Load mask data from an image.

Parameters:
  • mask (numpy.ndarray) – 2D mask image with background as 0, and foreground as 255.
  • cls (str) – Name of the class of the mask image.
include_masks(rule)

Merge masks following the rule.

Parameters:rule (wsiprocess.rule.Rule) – Rule object.
main_masks()

Main masks

Write border lines following the rule and fill inside with 255.

make_foreground_mask(slide, size=2000, method='otsu', min_=30, max_=190)

Make foreground mask.

With otsu thresholding, make simple foreground mask.

Parameters:
  • slide (wsiprocess.slide.Slide) – Slide object.
  • size (int, or function, optional) – Size of foreground mask on calculating with the Otsu Thresholding.
  • method (str, optional) – Binarization method. As default, calculates with Otsu Thresholding.
  • min (int, optional) – Used if method is “minmax”. Annotation object defines foreground as the pixels with the value between “min” and “max”.
  • max (int, optional) – Used if method is “minmax”. Annotation object defines foreground as the pixels with the value between “min” and “max”.
make_masks(slide, rule=False, foreground='otsu', size=2000, min_=30, max_=190)
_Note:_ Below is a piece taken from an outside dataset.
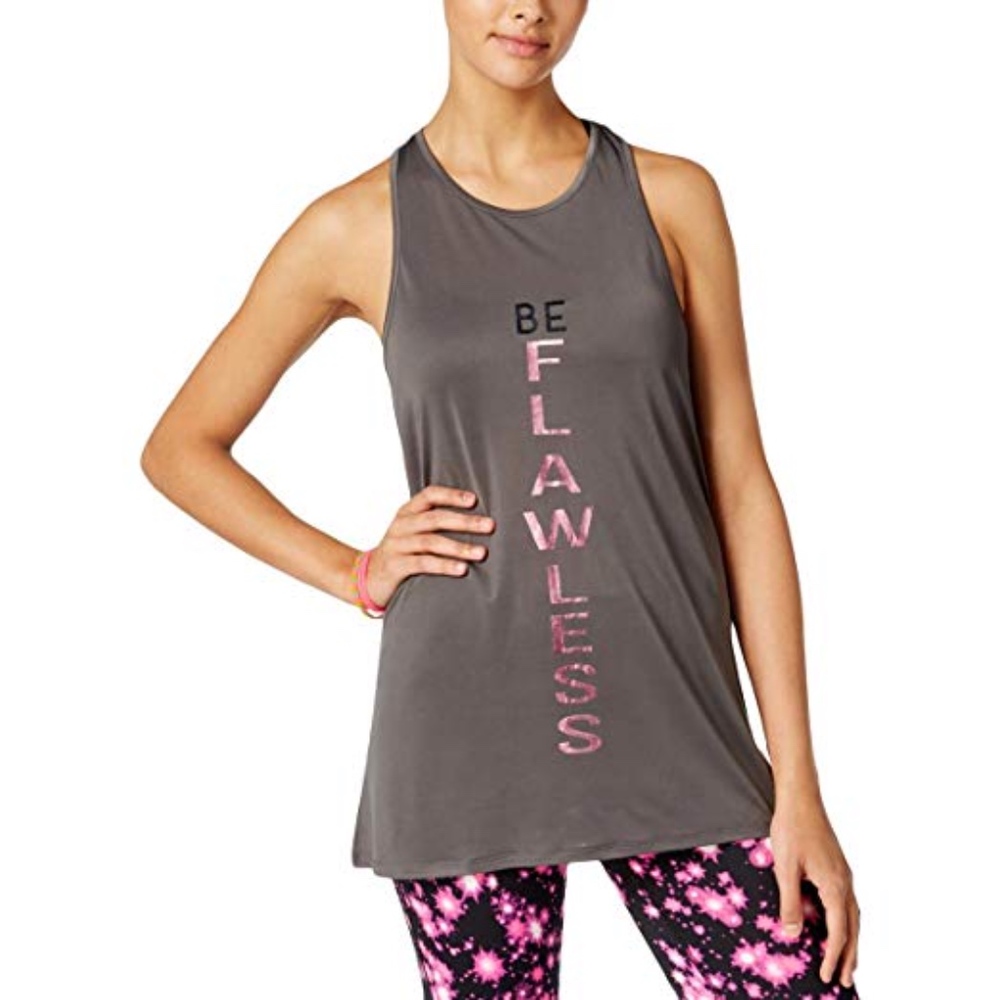 Material Girl Be Flawless tank S gray rose gold
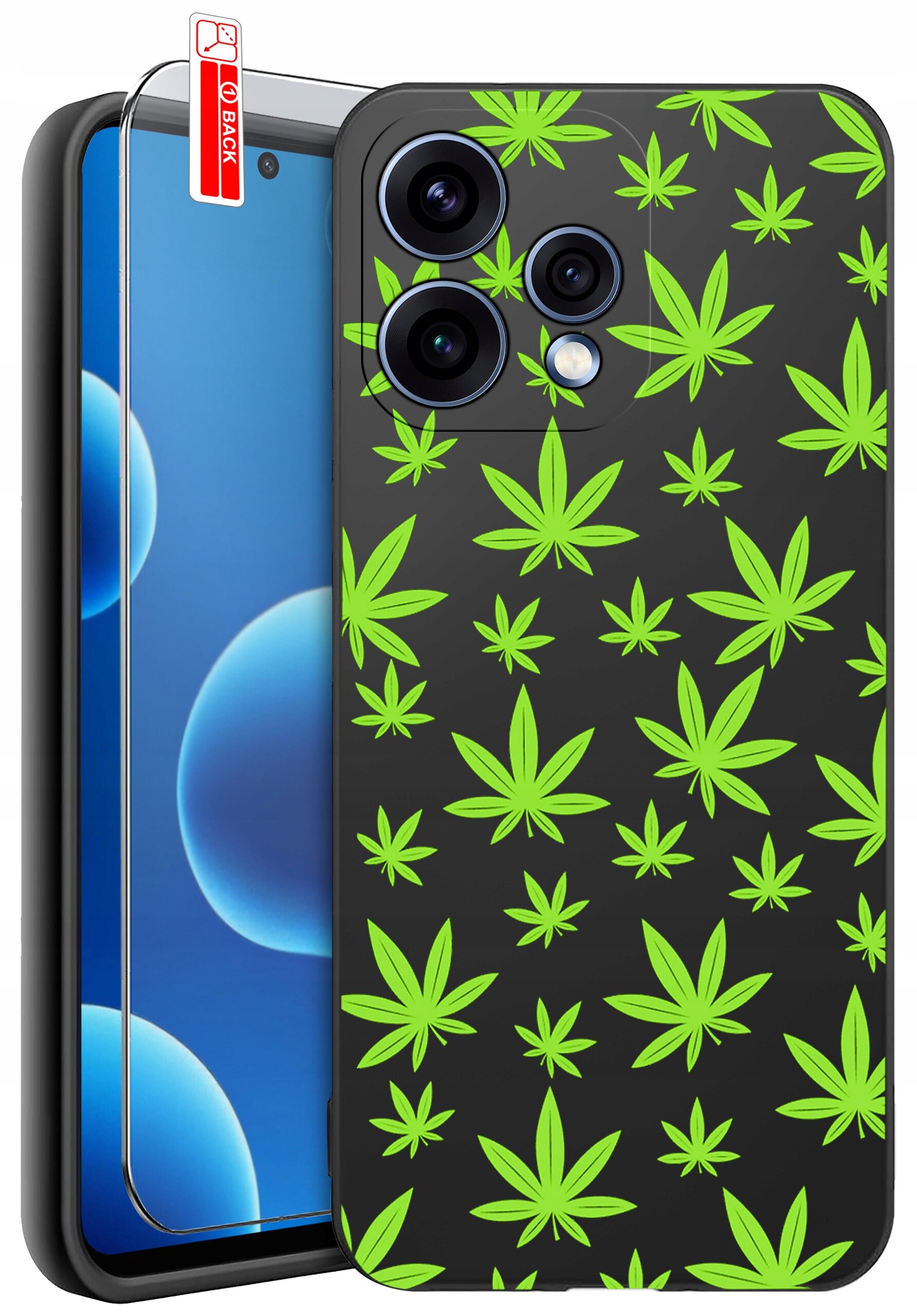 Etui na telefon z czarnym tłem ozdobione zielonymi wzorami liści. Obok znajduje się szkło ochronne z napisem \'BACK\'.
Make masks from the slide and rule.

Masks are for each class and foreground area.

Parameters:
  • slide (wsiprocess.slide.Slide) – Slide object
  • rule (wsiprocess.rule.Rule, optional) – Rule object
  • foreground (str, optional) – This can be {otsu, minmax}. If not set, Annotation don’t make foreground mask.
  • size (int, optional) – Size of foreground mask on calculating with the Otsu Thresholding.
  • method (str, optional) – Binarization method. As default, calculates with Otsu Thresholding.
  • min (int, optional) – Used if method is “minmax”. Annotation object defines foreground as the pixels with the value between “min” and “max”.
  • max (int, optional) – Used if method is “minmax”. Annotation object defines foreground as the pixels with the value between “min” and “max”.
merge_include_coords(rule)

Merge coordinations following the rule.

Parameters:rule (wsiprocess.rule.Rule) – Rule object.
read_annotation(annotation_type=False)

Parse the annotation data.

Parameters:annotation_type (str) – If provided, pass the auto type detection.

wsiprocess.converter

Convert wsiprocess style annotation data to COCO or VOC style.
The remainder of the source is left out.